Mon brave et excellent compagnon, M. Bussy, qui parle la langue du pays comme un Arabe, et qui, avec son activité accoutumée, avait été aux renseignements, m'avertit qu'on avait connaissance de l'ennemi. Évidemment, la journée du lendemain ne se passerait pas sans le voir.
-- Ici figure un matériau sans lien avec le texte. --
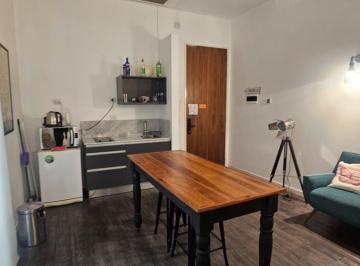 Departamento · 40m² · 1 Ambiente · Alquiler Temporario de Departamento Monoambiente con Amenities en Palacio Raggio, San Telmo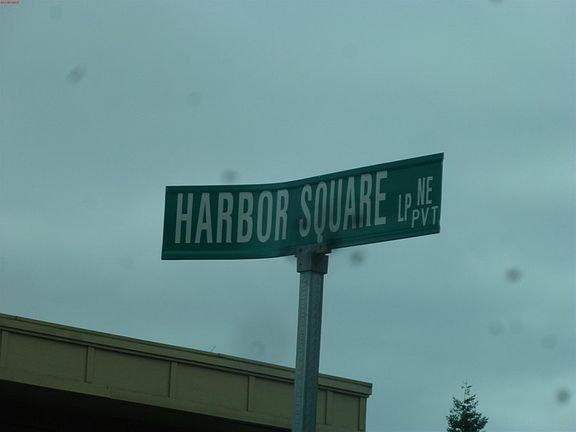 5th image of 180 Harbor Sq Loop NE Unit 414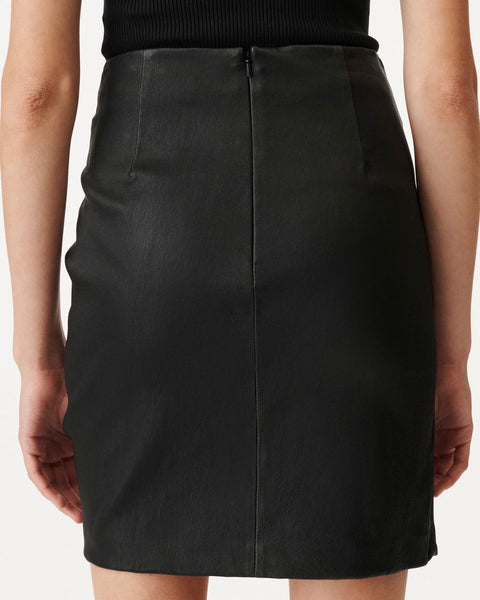 Minifalda de piel negra IRO Paris vista trasera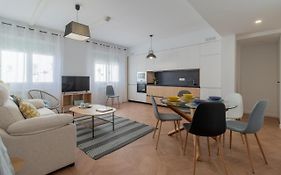 Apartment In The City Center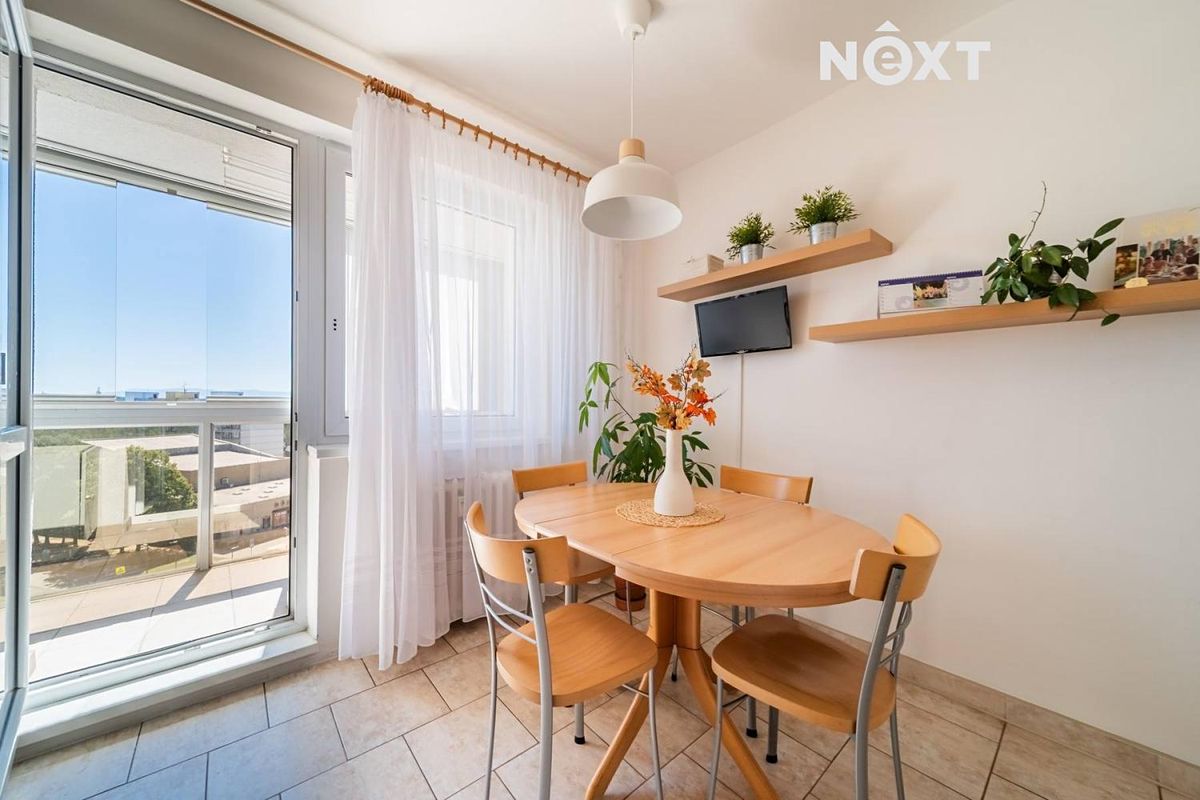 Pronájem bytu 3+1 70 m² – fotografie 2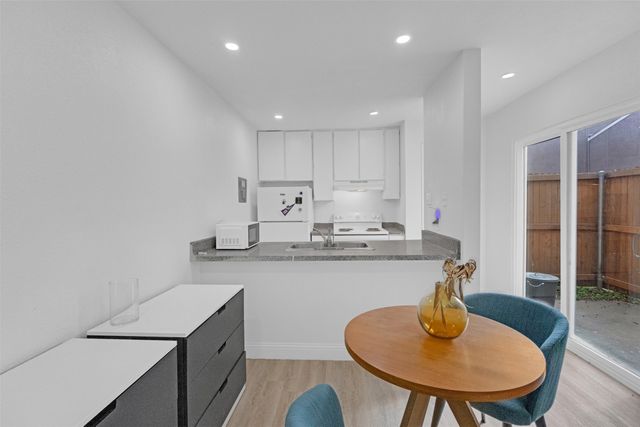 5516 Boca Raton Boulevard 321, Fort Worth, TX 76112
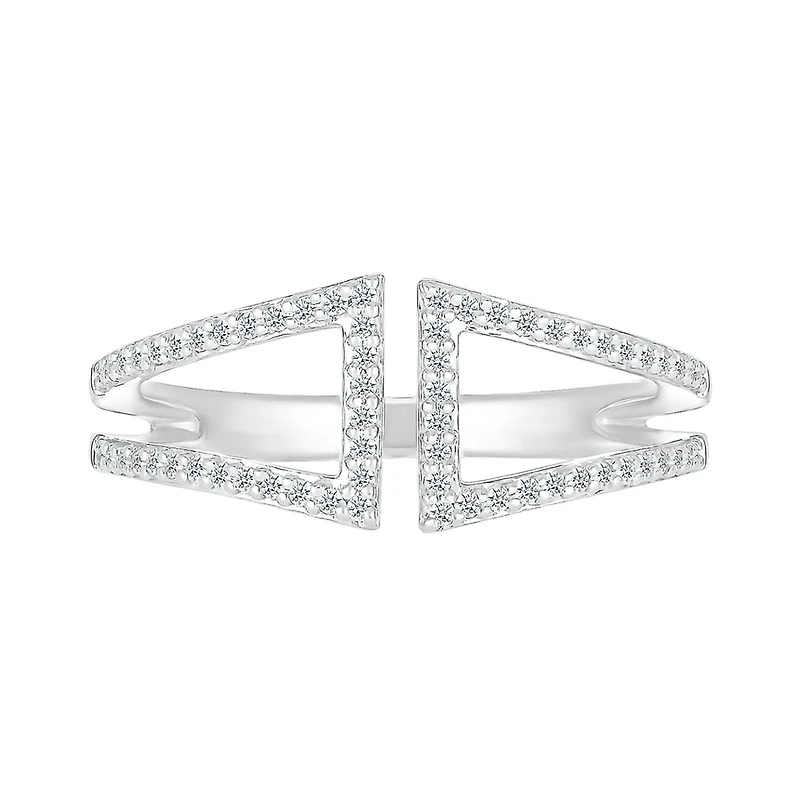 10K White Gold 0.18CTW Diamond Fashion Ring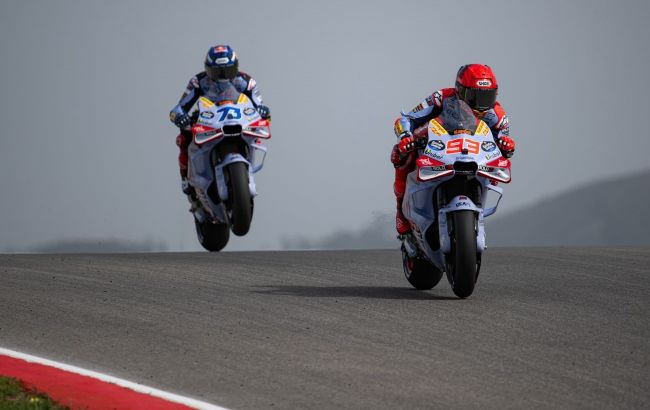 Хемілтон націлився на купівлю команди MotoGP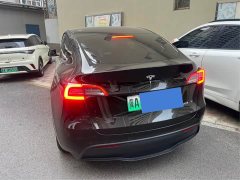 Tesla Model Y Rear-Wheel Drive - ფოტო 9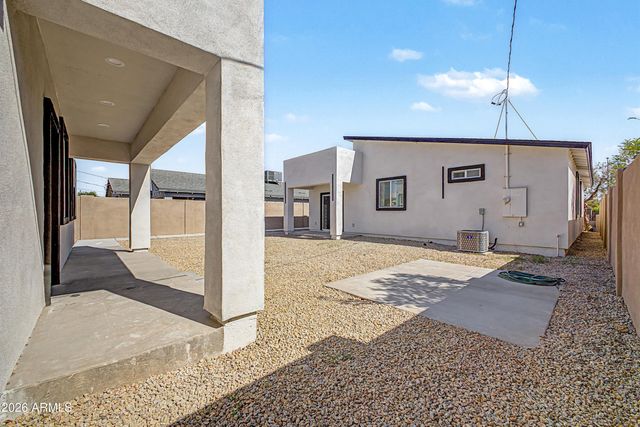 3830 W Latham Street, Phoenix, AZ 85009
Le soir, en soupant avec les officiers, il fut convenu de commander quelques cavaliers de Déna, qui, par la connaissance qu'ils ont des moindres plis du terrain et des ruses de leurs compatriotes, sont de précieux éclaireurs, qui devaient nous prévenir en cas d'embuscade.
Le boute-charge des chasseurs nous réveilla à la pointe du jour.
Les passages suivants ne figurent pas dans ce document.